Dans tous les cas, l’autorité de recours ne peut pas déclarer le recours irrecevable et elle doit au contraire se prononcer sur l’exploitabilité d’un moyen de preuve en fonction de l’état actuel de l’enquête.
3) Enfin, notre Haute cour rappelle que le Code de procédure pénale ne soumet pas l’admission d’un recours cantonal au sens des art. 393 ss CPP à l’existence d’un préjudice irréparable au sens de l’art. 93 LTF, mais uniquement à celle d’un intérêt juridiquement protégé.
En l’occurrence, le prévenu dispose manifestement d’un intérêt protégé général au retrait des moyens de preuves prétendument inexploitables du dossier.

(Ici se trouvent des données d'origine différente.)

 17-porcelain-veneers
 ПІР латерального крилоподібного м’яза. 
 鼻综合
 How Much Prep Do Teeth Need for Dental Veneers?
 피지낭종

Il dispose aussi d’un intérêt au retrait rapide de ces preuves puisque celui-ci peut avoir des conséquences décisives sur les décisions que la direction de la procédure peut prendre et qui doivent être fondées sur des soupçons suffisants, notamment en matière de mesures de contrainte ou encore de mise en accusation.
C/ Conclusion
La décision du Tribunal fédéral aura certainement pour avantage d’uniformiser les pratiques des autorités de recours cantonales concernant la recevabilité des recours relatif à l’exploitabilité des moyens de preuve recueillis et le retranchement des preuves illégales du dossier.

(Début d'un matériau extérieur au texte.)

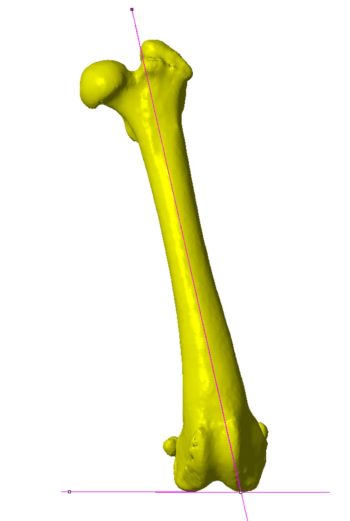 Figure 1. A volume-rendered CT image with lines drawn showing the measurement of the anatomic lateral distal femoral angle. Image: Bill Oxley, Vet 3D
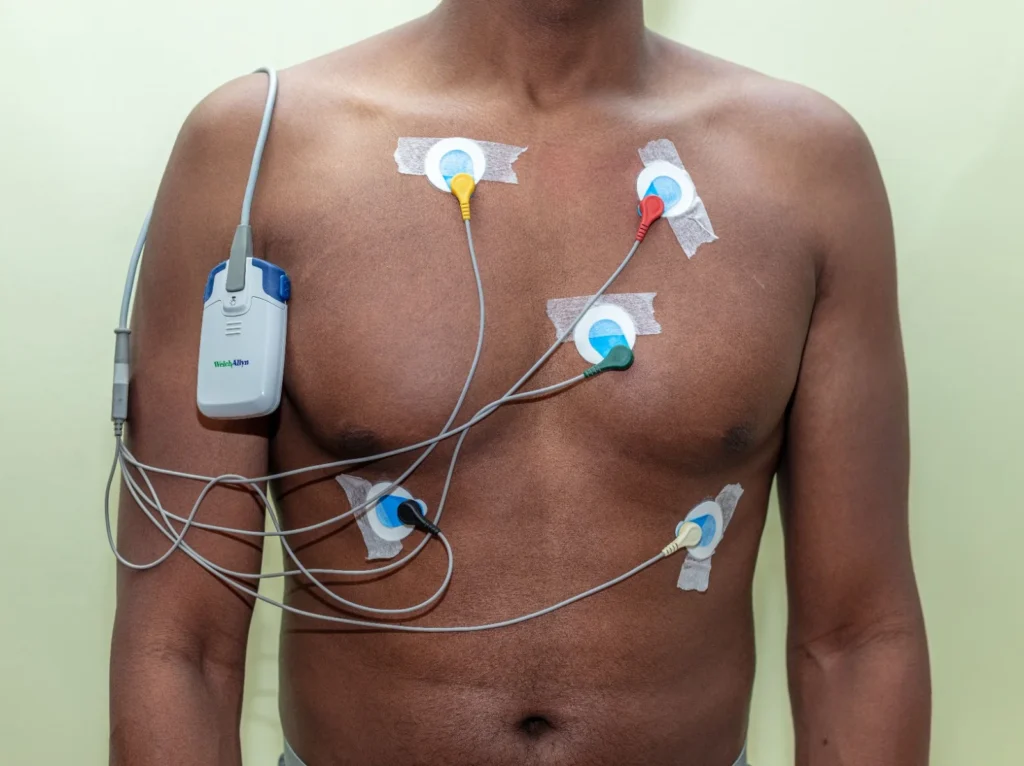 holter-3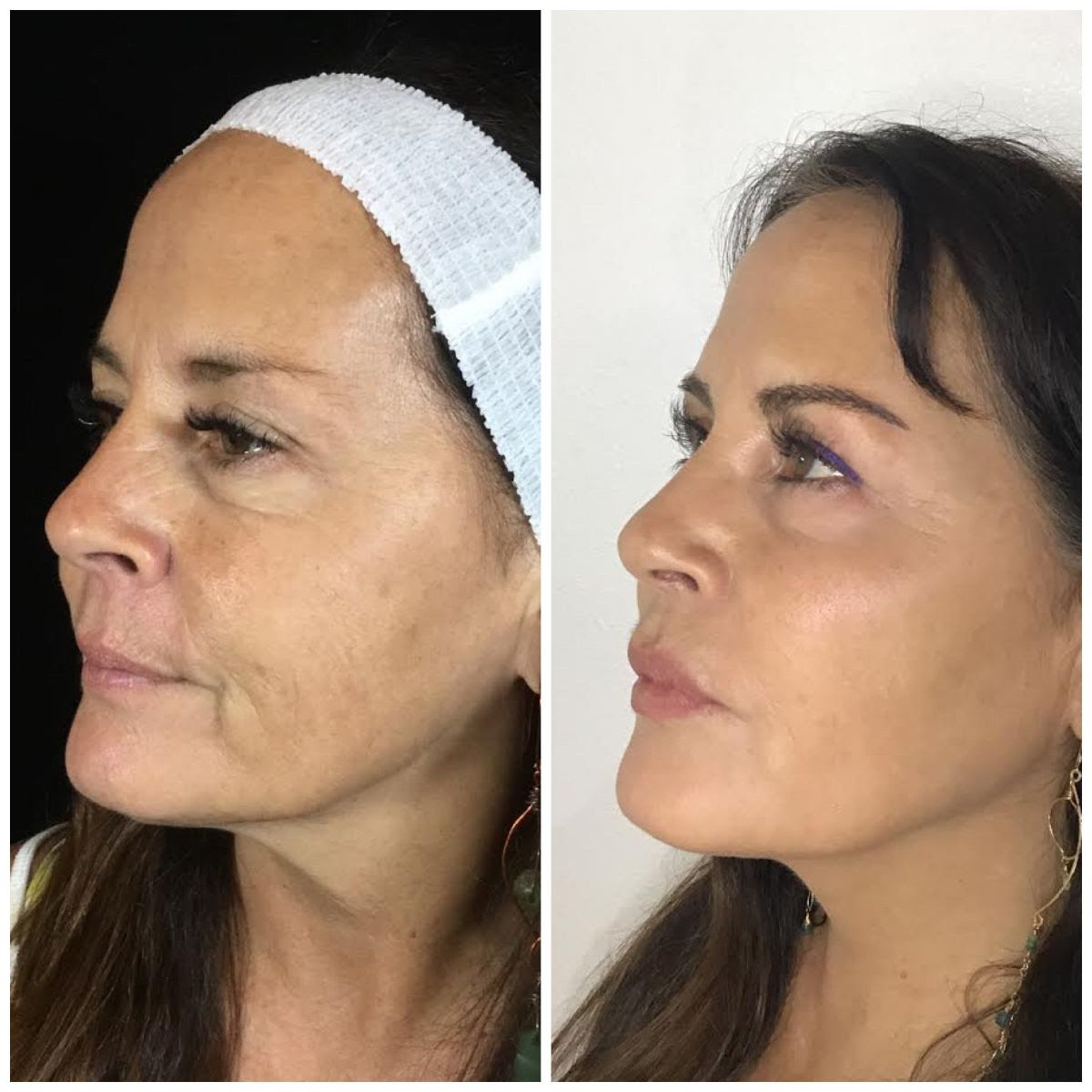 Beauty in Bloom Elevate Your Glow with 'Need a Pick Me Up? Here's a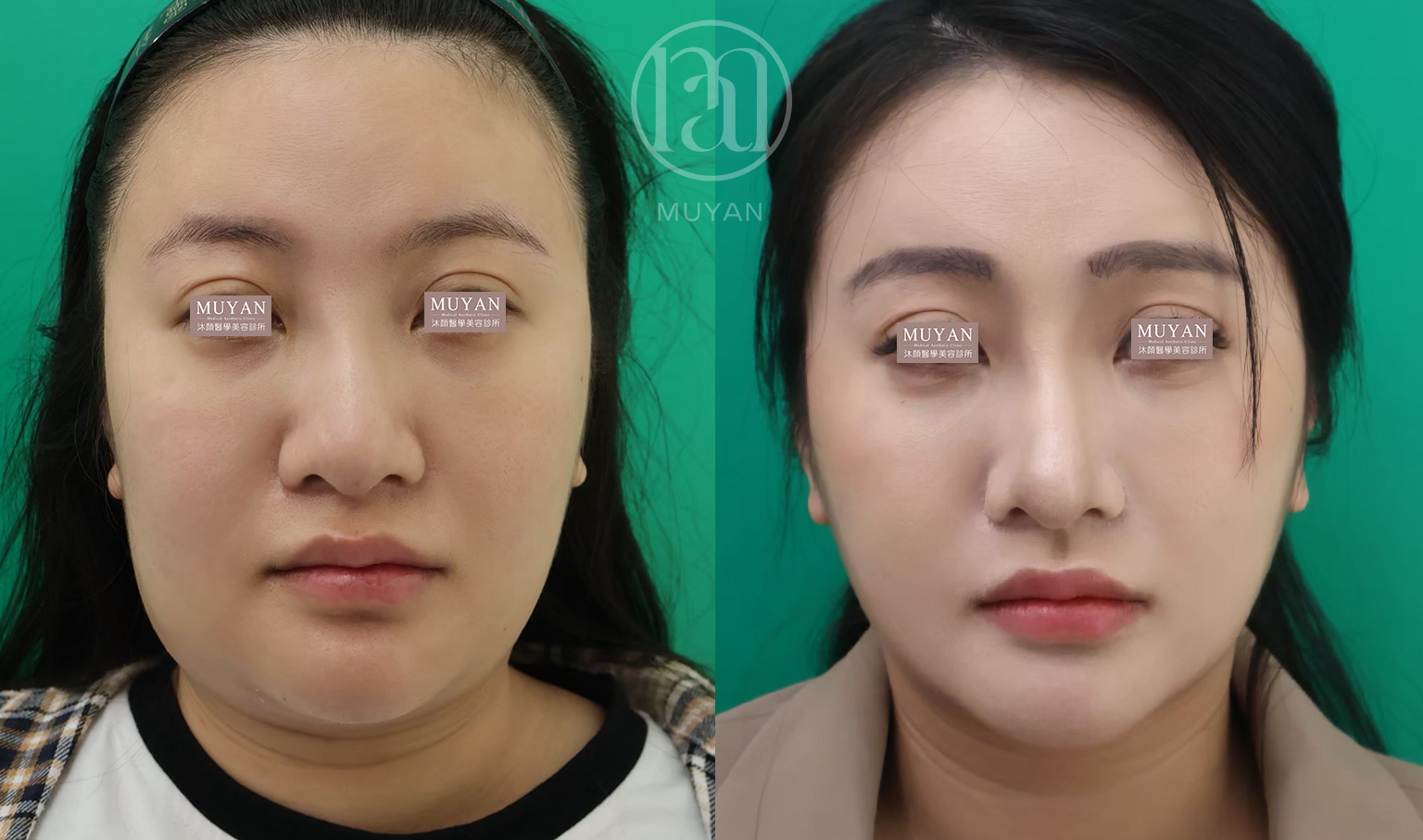 臉頸線條重塑術 分享照片 1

Le Tribunal fédéral ne semble toutefois pas imposer aux défenseurs l’obligation de demander une décision concernant l’exploitabilité des moyens de preuves en cours d’enquête, respectivement leur imposer de recourir à l’encontre d’une décision de refus de retranchement d’une preuve en cours d’enquête. La défense doit pouvoir continuer à invoquer l’inexploitabilité des moyens de preuves dans le cadre de la procédure devant le tribunal de première instance. Il doit également pouvoir répéter ce moyen quand bien même l’autorité de recours aurait rejeté son recours en cours d’enquête.